## [WORK ORDER]
From the entries below, reproduce exactly the line containing "Lladro 7690 ‘Prince", the line containing "Delightful Blueberry Cake – 500 gm", and every line in between, with nothing added.

## [RECORDS FOR THE EXERCISE]
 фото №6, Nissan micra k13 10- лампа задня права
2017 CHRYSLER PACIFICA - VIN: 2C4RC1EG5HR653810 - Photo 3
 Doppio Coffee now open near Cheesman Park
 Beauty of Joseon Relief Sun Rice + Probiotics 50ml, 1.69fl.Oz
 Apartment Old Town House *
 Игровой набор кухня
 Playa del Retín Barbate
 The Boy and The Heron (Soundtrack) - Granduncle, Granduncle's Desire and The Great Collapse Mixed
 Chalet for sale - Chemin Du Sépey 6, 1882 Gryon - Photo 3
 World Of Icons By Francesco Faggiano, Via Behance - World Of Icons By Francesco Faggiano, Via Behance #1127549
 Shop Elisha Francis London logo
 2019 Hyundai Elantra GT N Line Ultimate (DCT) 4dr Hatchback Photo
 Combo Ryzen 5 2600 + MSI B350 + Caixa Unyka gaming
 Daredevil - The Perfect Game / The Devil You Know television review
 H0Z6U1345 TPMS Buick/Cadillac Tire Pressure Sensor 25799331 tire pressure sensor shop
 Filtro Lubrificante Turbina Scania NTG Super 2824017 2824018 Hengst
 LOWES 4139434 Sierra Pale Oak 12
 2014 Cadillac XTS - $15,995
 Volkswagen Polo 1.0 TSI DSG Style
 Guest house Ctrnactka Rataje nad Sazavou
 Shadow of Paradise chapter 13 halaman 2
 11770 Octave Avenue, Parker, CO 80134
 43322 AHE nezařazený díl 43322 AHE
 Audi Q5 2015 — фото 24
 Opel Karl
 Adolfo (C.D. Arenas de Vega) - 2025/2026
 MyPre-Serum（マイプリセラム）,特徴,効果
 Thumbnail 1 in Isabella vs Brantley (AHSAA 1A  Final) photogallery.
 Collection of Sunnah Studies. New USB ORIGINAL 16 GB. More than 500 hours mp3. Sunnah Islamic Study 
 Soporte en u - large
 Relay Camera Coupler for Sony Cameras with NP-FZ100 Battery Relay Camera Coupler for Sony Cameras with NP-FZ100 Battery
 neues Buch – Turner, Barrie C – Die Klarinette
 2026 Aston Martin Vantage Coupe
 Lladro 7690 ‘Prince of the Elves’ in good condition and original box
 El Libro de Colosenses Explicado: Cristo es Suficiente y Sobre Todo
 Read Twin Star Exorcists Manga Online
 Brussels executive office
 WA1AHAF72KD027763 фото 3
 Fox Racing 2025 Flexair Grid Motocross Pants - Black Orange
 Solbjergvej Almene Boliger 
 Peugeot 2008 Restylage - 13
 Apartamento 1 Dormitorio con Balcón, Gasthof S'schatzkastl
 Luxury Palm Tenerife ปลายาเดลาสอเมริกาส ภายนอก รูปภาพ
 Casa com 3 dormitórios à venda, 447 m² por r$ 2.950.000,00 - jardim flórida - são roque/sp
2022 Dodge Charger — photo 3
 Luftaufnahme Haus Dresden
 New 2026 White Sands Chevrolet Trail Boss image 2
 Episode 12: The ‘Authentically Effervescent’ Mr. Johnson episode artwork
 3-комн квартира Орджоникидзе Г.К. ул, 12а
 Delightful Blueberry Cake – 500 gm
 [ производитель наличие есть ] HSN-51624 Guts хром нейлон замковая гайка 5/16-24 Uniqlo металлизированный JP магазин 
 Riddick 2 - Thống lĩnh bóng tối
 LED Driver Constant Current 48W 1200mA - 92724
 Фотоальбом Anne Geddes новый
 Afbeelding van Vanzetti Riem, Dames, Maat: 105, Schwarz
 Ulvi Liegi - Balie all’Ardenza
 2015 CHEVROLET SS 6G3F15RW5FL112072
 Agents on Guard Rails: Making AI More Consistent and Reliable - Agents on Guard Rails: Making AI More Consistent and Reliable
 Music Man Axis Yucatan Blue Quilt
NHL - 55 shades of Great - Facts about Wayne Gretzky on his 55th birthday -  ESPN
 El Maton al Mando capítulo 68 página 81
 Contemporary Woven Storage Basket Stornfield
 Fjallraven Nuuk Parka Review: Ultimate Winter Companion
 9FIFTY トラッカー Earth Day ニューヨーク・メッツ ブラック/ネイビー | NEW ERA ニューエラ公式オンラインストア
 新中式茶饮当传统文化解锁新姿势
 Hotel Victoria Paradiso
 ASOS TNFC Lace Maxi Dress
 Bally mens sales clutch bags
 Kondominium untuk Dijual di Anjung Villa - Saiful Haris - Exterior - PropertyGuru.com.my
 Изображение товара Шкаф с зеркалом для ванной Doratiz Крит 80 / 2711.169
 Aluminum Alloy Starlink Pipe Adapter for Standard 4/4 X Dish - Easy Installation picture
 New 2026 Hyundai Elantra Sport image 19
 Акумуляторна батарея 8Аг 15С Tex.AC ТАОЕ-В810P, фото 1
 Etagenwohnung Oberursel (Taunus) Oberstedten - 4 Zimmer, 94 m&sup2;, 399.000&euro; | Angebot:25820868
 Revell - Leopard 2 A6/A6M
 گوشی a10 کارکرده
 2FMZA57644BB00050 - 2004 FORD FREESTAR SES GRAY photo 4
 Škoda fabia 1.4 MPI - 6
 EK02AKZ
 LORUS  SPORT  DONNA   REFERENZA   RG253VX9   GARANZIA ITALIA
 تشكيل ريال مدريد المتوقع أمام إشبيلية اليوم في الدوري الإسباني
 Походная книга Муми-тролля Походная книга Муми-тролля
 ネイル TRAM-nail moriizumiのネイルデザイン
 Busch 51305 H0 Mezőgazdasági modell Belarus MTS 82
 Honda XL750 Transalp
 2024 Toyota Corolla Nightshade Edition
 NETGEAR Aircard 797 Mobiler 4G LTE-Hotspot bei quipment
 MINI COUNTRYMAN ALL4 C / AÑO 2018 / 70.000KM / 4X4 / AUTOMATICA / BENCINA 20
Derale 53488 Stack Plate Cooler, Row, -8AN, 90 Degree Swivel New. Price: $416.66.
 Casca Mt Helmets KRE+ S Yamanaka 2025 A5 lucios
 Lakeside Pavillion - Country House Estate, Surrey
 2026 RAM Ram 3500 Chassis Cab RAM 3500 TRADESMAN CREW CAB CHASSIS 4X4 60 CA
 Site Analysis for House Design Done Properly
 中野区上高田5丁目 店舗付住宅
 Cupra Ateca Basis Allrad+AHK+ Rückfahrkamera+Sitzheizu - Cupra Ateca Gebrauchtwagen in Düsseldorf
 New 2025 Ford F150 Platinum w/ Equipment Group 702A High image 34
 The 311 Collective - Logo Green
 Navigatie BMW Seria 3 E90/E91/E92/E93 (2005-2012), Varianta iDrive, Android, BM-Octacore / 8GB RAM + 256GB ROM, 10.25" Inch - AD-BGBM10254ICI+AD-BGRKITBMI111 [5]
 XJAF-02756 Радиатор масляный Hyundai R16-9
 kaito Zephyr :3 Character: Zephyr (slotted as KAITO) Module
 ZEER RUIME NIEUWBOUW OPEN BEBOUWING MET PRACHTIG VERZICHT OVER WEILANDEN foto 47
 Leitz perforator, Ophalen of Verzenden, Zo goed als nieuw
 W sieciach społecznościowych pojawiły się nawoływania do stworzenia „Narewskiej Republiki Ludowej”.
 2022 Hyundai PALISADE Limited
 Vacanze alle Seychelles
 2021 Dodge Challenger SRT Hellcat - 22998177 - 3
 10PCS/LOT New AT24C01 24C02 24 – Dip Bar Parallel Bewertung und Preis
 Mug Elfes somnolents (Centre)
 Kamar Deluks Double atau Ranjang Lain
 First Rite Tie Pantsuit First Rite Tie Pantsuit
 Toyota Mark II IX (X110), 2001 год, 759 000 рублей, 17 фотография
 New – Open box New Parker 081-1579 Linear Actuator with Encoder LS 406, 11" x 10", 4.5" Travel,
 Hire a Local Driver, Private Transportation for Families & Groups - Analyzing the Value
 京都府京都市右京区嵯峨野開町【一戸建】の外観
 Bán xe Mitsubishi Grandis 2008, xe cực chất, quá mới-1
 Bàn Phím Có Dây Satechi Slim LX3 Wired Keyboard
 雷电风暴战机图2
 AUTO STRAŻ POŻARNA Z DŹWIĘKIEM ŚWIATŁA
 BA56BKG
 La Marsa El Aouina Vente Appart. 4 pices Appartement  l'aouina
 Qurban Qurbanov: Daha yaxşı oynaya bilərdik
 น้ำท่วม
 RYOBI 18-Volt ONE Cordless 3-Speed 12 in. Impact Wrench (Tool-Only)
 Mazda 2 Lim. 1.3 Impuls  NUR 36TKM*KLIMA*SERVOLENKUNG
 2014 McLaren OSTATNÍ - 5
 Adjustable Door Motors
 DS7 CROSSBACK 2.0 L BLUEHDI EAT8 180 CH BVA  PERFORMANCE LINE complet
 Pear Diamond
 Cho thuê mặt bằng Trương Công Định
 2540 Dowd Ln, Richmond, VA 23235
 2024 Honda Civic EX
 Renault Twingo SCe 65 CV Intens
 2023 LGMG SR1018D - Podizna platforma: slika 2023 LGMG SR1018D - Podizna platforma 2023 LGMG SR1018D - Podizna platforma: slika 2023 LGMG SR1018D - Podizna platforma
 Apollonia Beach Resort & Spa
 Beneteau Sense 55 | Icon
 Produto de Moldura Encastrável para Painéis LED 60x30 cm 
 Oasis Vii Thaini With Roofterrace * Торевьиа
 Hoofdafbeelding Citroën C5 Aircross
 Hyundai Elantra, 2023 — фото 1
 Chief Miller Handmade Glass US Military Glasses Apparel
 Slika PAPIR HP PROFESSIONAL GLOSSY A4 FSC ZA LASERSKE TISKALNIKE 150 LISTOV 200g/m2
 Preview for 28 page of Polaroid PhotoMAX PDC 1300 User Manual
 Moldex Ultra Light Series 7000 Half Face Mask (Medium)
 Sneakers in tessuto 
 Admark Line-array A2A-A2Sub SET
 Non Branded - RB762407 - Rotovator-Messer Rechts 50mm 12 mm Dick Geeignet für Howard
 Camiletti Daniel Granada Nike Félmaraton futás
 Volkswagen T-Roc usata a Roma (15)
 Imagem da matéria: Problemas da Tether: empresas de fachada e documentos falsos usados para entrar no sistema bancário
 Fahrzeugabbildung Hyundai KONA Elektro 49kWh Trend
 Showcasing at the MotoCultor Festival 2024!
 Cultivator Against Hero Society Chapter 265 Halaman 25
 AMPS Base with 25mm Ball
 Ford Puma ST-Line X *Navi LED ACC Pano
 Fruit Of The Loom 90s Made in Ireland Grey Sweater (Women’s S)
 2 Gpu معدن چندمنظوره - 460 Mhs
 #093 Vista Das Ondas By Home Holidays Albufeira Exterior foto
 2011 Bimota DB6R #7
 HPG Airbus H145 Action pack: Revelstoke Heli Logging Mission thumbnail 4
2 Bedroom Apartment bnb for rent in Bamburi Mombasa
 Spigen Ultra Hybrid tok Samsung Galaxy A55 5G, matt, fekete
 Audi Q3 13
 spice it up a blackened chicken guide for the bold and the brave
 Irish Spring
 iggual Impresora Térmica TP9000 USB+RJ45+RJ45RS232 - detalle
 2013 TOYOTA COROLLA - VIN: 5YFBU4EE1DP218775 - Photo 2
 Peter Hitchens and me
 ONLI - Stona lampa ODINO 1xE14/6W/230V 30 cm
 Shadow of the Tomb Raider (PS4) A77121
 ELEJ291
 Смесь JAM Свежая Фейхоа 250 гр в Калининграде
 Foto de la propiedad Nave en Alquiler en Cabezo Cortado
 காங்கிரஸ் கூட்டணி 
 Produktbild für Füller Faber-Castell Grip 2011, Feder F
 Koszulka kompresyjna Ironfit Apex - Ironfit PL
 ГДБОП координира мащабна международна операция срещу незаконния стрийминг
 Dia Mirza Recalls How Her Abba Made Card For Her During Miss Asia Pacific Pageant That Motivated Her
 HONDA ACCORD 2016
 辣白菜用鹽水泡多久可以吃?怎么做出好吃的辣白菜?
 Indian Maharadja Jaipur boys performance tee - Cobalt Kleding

## [EXERCISE RESPONSE]
 Lladro 7690 ‘Prince of the Elves’ in good condition and original box
 El Libro de Colosenses Explicado: Cristo es Suficiente y Sobre Todo
 Read Twin Star Exorcists Manga Online
 Brussels executive office
 WA1AHAF72KD027763 фото 3
 Fox Racing 2025 Flexair Grid Motocross Pants - Black Orange
 Solbjergvej Almene Boliger 
 Peugeot 2008 Restylage - 13
 Apartamento 1 Dormitorio con Balcón, Gasthof S'schatzkastl
 Luxury Palm Tenerife ปลายาเดลาสอเมริกาส ภายนอก รูปภาพ
 Casa com 3 dormitórios à venda, 447 m² por r$ 2.950.000,00 - jardim flórida - são roque/sp
2022 Dodge Charger — photo 3
 Luftaufnahme Haus Dresden
 New 2026 White Sands Chevrolet Trail Boss image 2
 Episode 12: The ‘Authentically Effervescent’ Mr. Johnson episode artwork
 3-комн квартира Орджоникидзе Г.К. ул, 12а
 Delightful Blueberry Cake – 500 gm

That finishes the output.